What the task asks => From the line that contains "kOhAKUタックデザインワイドパンツ | osharewalker | 詳細画像3" down to the final line of the listing below, set down every line exactly, both ends included, and drop the pictures.

Data for this exercise =>
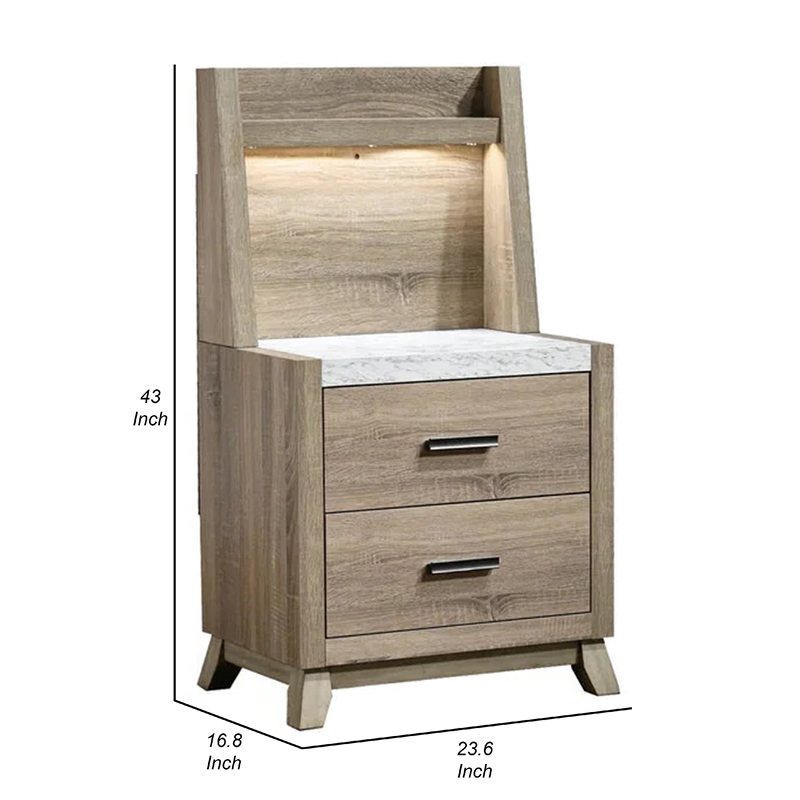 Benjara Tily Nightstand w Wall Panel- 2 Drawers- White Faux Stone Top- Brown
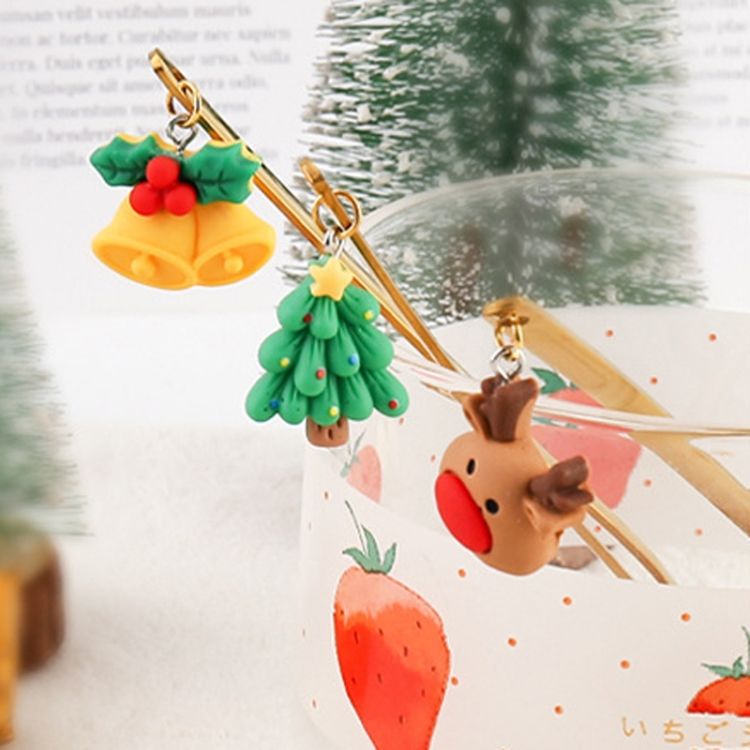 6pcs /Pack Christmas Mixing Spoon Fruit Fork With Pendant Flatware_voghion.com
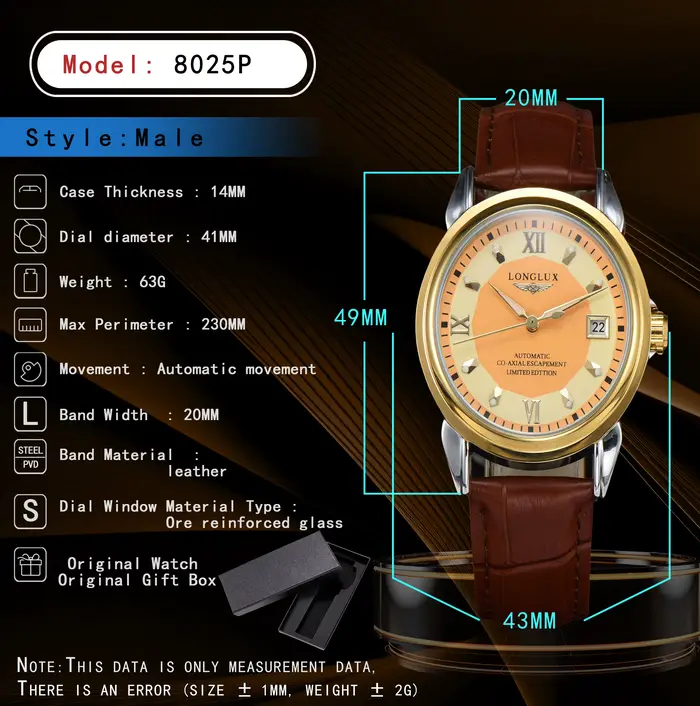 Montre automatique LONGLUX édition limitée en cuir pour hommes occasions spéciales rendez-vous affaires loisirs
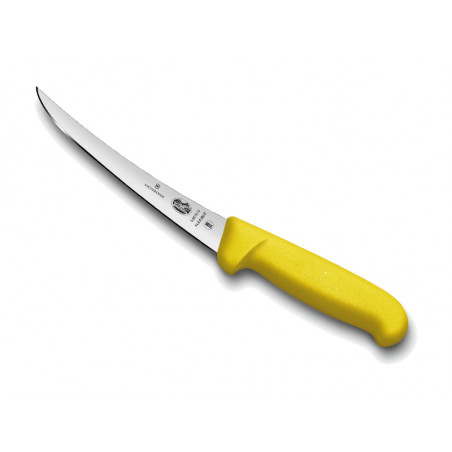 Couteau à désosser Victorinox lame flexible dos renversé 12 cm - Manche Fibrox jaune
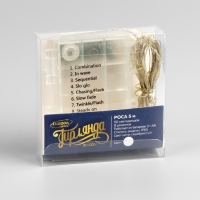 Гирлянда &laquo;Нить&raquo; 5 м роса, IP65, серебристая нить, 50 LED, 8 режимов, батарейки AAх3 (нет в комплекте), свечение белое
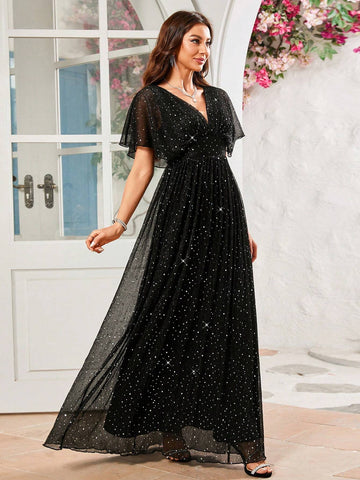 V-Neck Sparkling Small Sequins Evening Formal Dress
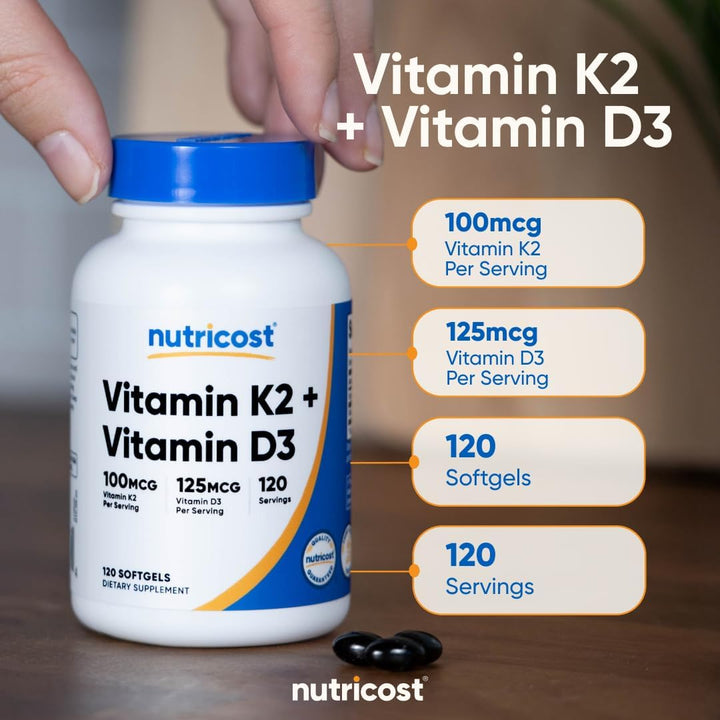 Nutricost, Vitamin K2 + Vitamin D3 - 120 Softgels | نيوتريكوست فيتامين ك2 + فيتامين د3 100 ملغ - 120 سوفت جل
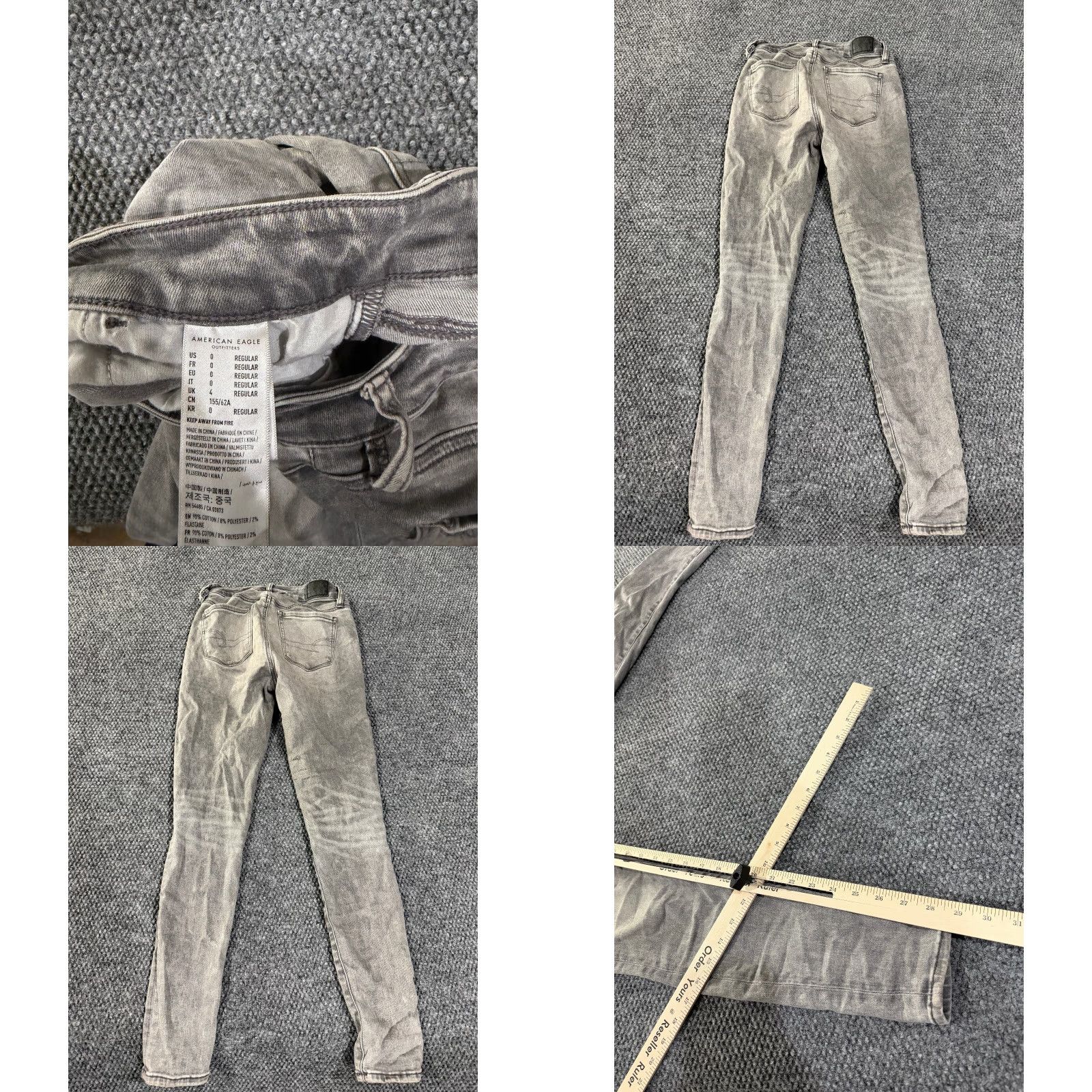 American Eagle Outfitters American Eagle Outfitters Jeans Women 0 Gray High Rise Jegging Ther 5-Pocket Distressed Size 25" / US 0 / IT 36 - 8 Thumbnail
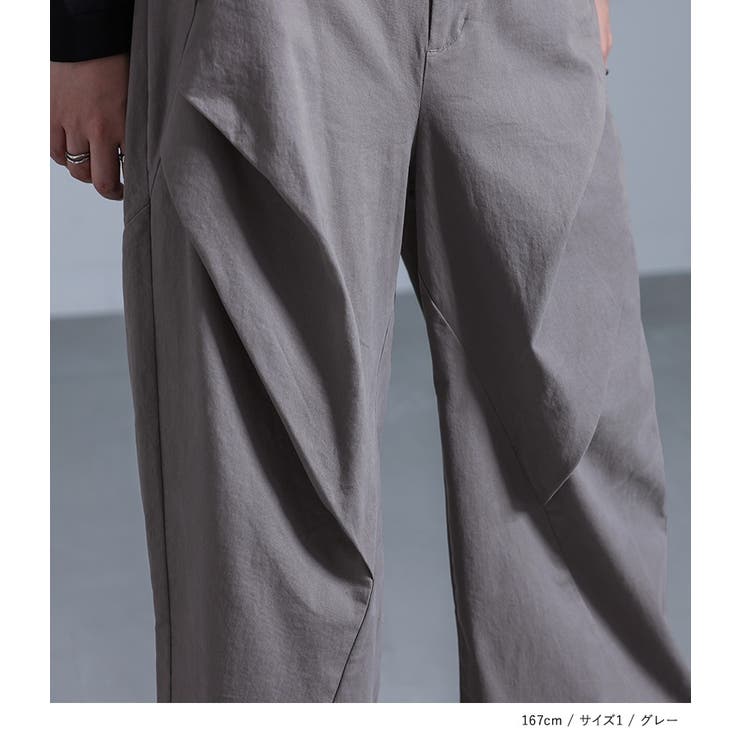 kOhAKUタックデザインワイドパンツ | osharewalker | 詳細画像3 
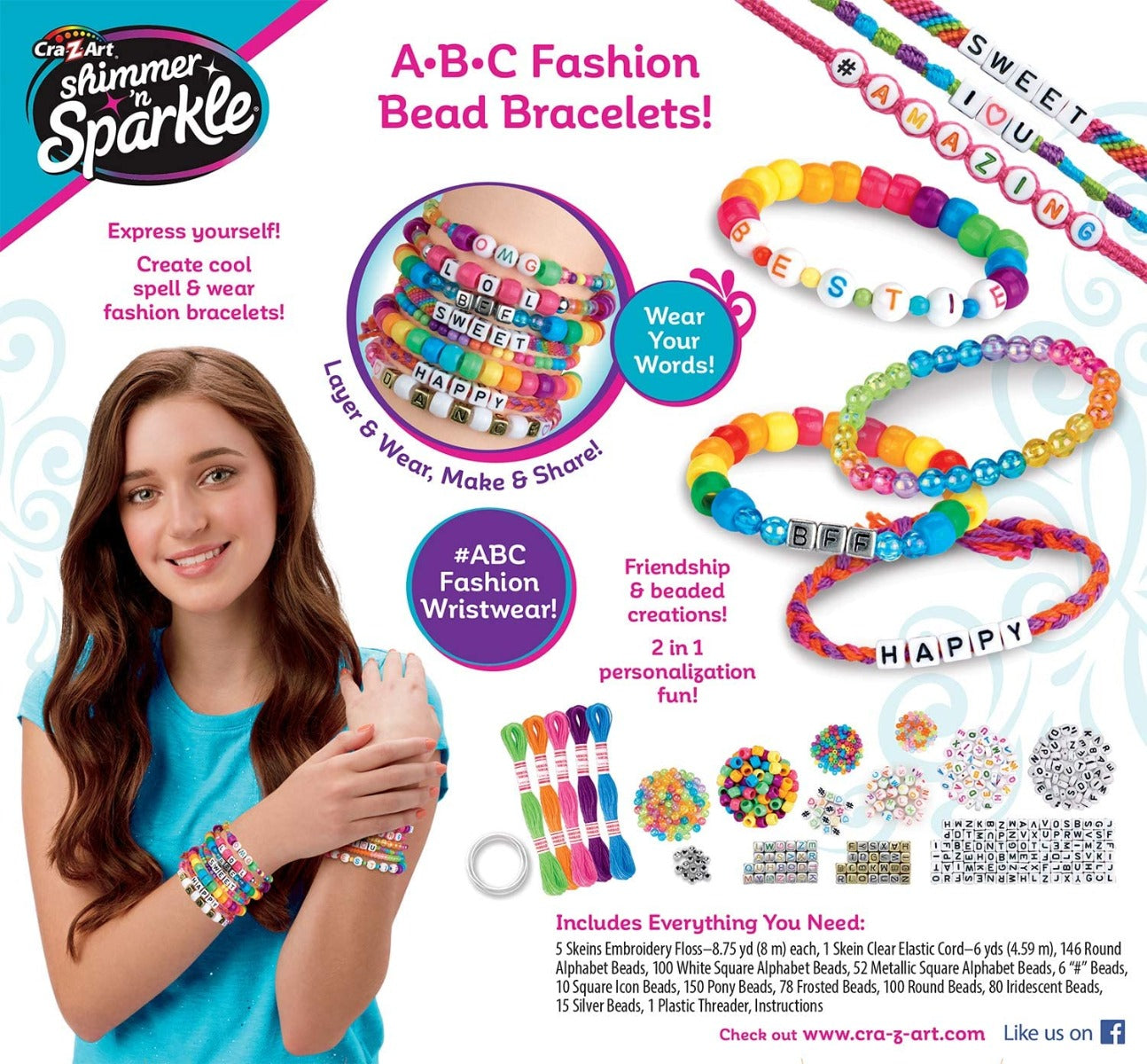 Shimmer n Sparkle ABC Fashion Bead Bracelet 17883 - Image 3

Answer space =>
 kOhAKUタックデザインワイドパンツ | osharewalker | 詳細画像3 
 Shimmer n Sparkle ABC Fashion Bead Bracelet 17883 - Image 3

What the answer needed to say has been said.